KPK Kembali Panggil Dirut Petrokimia Gresik Terkait Suap Distribusi Pupuk
Rahmat akan akan diperiksa dalam kapasitasnya sebagai saksi untuk melengkapi berkas penyidikan tersangka Direktur PT HTK
Penulis: Ilham Rian Pratama
Editor: Hendra Gunawan
Laporan Wartawan Tribunnews.com, Ilham Rian Pratama
TRIBUNNEWS.COM, JAKARTA - Tim penyidik Komisi Pemberantasan Korupsi (KPK) kembali menjadwalkan pemanggilan terhadap Direktur Utama (Dirut) PT Petrokimia Gresik Rahmat Pribadi terkait kasus dugaan suap bidang pelayaran antara PT Pupuk Indonesia Logistik (Pilog) dengan PT Humpuss Transportasi Kimia (HTK).
Sedianya, Rahmat akan akan diperiksa dalam kapasitasnya sebagai saksi untuk melengkapi berkas penyidikan tersangka Direktur PT HTK Taufik Agustono (TAG).
"Yang bersangkutan diperiksa sebagai saksi untuk tersangka TAG," ujar Juru Bicara KPK Febri Diansyah kepada wartawan, Kamis (21/11/2019).
Sebelumnya, Rahmat Pribadi pernah diperiksa sebagai saksi untuk proses penyidikan mantan Anggota DPR Fraksi Partai Golkar Bowo Sidik Pangarso pada 4 Juli 2019. Rahmat Pribadi juga pernah dihadirkan sebagai saksi dalam persidangan Bowo Sidik Pangarso.
Baca: KPK Tunggu BPK Tuntaskan Proses Penghitungan Kerugian di Kasus Waskita Karya
Baca: Pegawai KPK yang Undang Ustaz Abdul Somad Bakal Diperiksa
Nama Rahmat Pribadi kerap muncul dalam persidangan perkara ini. Ia disebut ikut terlibat sebagai pihak yang memperkenalkan PT HTK ke Bowo Sidik Pangarso untuk memuluskan kesepakatan jahat. Dalam persidangan, Rahmat membantah tudingan tersebut.
Belum diketahui apa yang akan digali penyidik lembaga antirasuah terhadap Rahmat Pribadi dalam pemeriksaan kali ini.

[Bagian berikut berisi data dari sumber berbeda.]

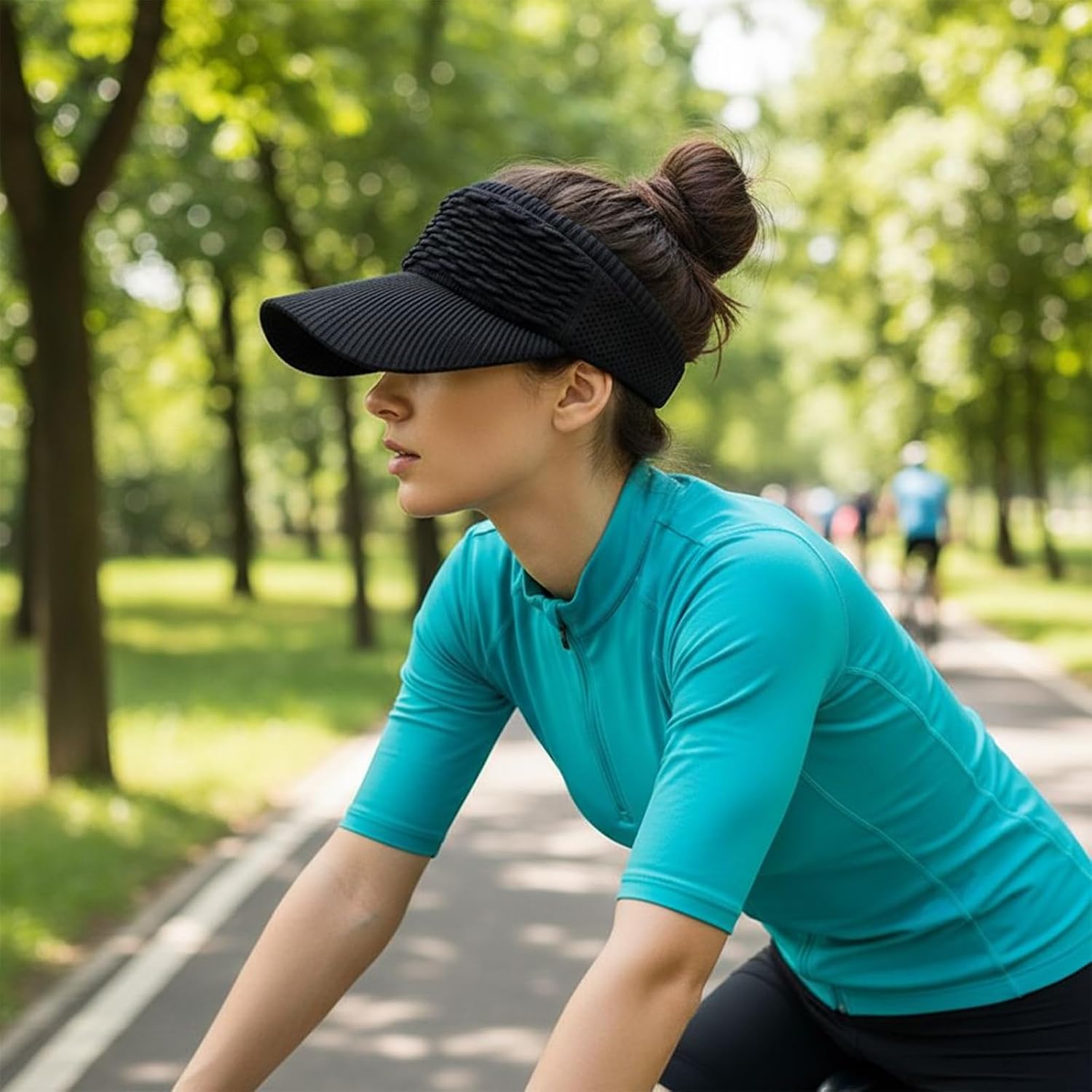 4Pcs Sun Visors Hats for Women UV Protection Empty Top Wide Brim Summer Elastic Sports Hat for Running Tennis Golf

Diduga, penyidik masih mendalami keterlibatan Rahmat Pribadi.
Dalam kasus ini, Taufik telah dijadikan tersangka baru KPK menyusul mantan anggota DPR Bowo Sidik Pangarso dan orang kepercayaannya Indung Andriani serta GM Komersial PT HTK Asty Winasti.

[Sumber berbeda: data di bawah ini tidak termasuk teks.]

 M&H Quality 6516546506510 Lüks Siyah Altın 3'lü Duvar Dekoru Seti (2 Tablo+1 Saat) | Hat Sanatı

Taufik diduga menyuap Bowo Sidik agar membantu PT HTK mendapatkan kerja sama kembali sewa menyewa kapal dengan PT Pilog. Taufik pun mengalirkan uang pada Bowo Sidik secara bertahap.
Kasus ini bermula ketika PT HTK memiliki kontrak pengangkutan dengan cucu perusahaan PT Petrokimia Gresik selama tahun 2013-2018.
Namun, pada 2015 kontrak ini dihentikan karena membutuhkan kapal dengan kapasitas yang lebih besar, yang tidak dimiliki oleh PT HTK.
Terdapat upaya agar kapal-kapal PT HTK dapat digunakan kembali untuk kepentingan pupuk PT Pupuk Indonesia. Untuk merealisasikan hal tersebut, pihak PT HTK meminta bantuan Bowo Sidik Pangarso.
Bowo pun kemudian bertemu dengan Asty Winasti untuk membicarakan dan mengatur agar PT HTK tidak kehilangan pasar penyewaan kapal. Pertemuan ini kemudian dilaporkan pada Taufik.
Kemudian Taufik diduga bertemu dengan beberapa pihak termasuk Asty dan Bowo Sidik untuk menyepakati kelanjutan kerja sama sewa menyewa kapal yang sempat terhenti pada 2015.
Dalam proses tersebut, kemudian Bowo meminta sejumlah fee dan tersangka Taufik membahasnya dengan internal manajemen dan menyanggupi sejumlah fee untuk Bowo.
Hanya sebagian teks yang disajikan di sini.